On Saturday, 26 May 2018 at 10:08:35 UTC, Dukc wrote:
On Saturday, 26 May 2018 at 09:01:29 UTC, rumbu wrote:
Sorry, but the mistake here is the fact that you wrongly assume C behavior in C#.

Yes it is. But that does not make differentiating concat and addition in language desing any less worthwhile. In car crashes, the mistake is usually made by a driver, but I know no-one who says safety belts aren't worthwhile.

Adding chars to an existing string will result in a string as in the language specification.

In fact I didn't make the mistake there. What surprised me was that adding two INDIVIDUAL chars result in a string. When op+ is srictly for mathematical summing, there are no ambiquites.

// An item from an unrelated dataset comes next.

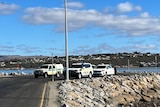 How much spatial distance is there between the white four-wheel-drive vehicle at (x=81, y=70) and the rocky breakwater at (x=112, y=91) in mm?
3830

Adding 2 individual chars in C# (and in D also) will result in an int. Adding an int to a string will box the int and ToString() will be called on the resulted object => result is a string. So 'a' + 'b' + "sssss" = 195 + "sssss" = 195.ToString() + "sssss" = "195sssss".

Therefore your first example will work correctly if you convert the int result back to char: (char)('a' + 'b') + "sssss" will render the correct result.

Even if C# would use '~' instead of '+', you had a type conversion problem, not an operator problem, you wrongly assumed that adding two chars will result in a char, not an int. In the hypothetically code 'a' + 'b' ~ "sssss" is also "195sssss".